Bookish thoughts on everything from literary fiction to classics to nonfiction.
Robinson Crusoe… was kind of a jerk
Thursday, October 20, 2011
Posted by Melissa (Avid Reader)Robinson Crusoe
by Daniel Defoe
★★★
Classic novels often have the occasional racist references and usually it doesn’t bother me too much. I take it with a grain of salt and try to remember that it was written during a different time period and reflects an earlier belief system. I still don’t like it, but there’s nothing we can do about it at this point and it’s usually a minor point in the book.
This one was different though. There’s something disturbing about the way Robinson mentions slavery so casually. He joins a ship on the condition that he’ll get a cut of the profits made from the slaves they transport. He also escapes being enslaved on an island with a young boy, only to sell the boy into slavery once they are rescued.
Robinson spends more than 20 years on an island by himself before interacting with another living soul, (it reminded me a lot of Cast Away, which I’m sure took huge inspiration from this novel). When he finally gains a companion, the infamous Friday, he decides to treat him as a slave instead of an equal. The first thing he teaches him is how to call him Master. He also decides to name him Friday instead of attempting to find out his actual name.
He continuously refers to Friday as an ignorant savage, all the while saying how he loves him dearly. When he discovers that Friday's people don't live too far away, his first concern is that Friday will forget that he is his slave and try to return to them. It's unbelievably selfish. Yes, Friday loves him and feels indebted to him, but I felt like Robinson took advantage of this in a horrible way.
Robinson’s devotion to God and regret for his past behavior seems to come and go with each mood. He swings from thanking God for providing food and shelter for him, to lamenting the fact that he could have been living on a huge slave plantation if his boat hadn’t been shipwrecked.
All of that being said; there are some things I liked about the book. Robinson is forced to get very creative to survive on the island and it’s interesting to see how he creates a new home for himself. Also, his solitude makes him reflective and he makes some wonderful observations as he examines his life.
In the end, I’m glad I read it, but I think Robinson is a self-centered jerkface.
A few great lines:
“That all the good things in the world are of no farther good to us than for our use. And that whatever we may heap up to give others we enjoy only as much as we can use and no more.”

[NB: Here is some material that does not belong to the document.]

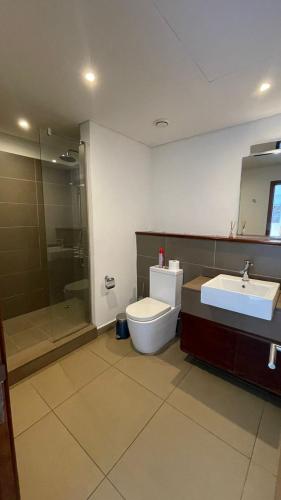 Bilik mandi di Azuri Mauritius Penthouse with Sea Views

Robinson felt this strongly after he killed more than he could eat or collected more wood than he needed. He watched it rot away when he didn’t use it and realized that it was useless to hoard extra food, etc. because it just went to waste.
"How frequently, in the course of our lives, the evil, which in itself we seek most to shun, and which, when we are fallen into is the most dreadful to us, is often times the very means or door of our deliverance, by which alone we can be raised again from the affliction we are fallen into."
"Thus fear of danger is 10,000 times more terrifying than danger itself when apparent to the eyes. And we find the burden of anxiety greater by much than the evil which we were anxious about."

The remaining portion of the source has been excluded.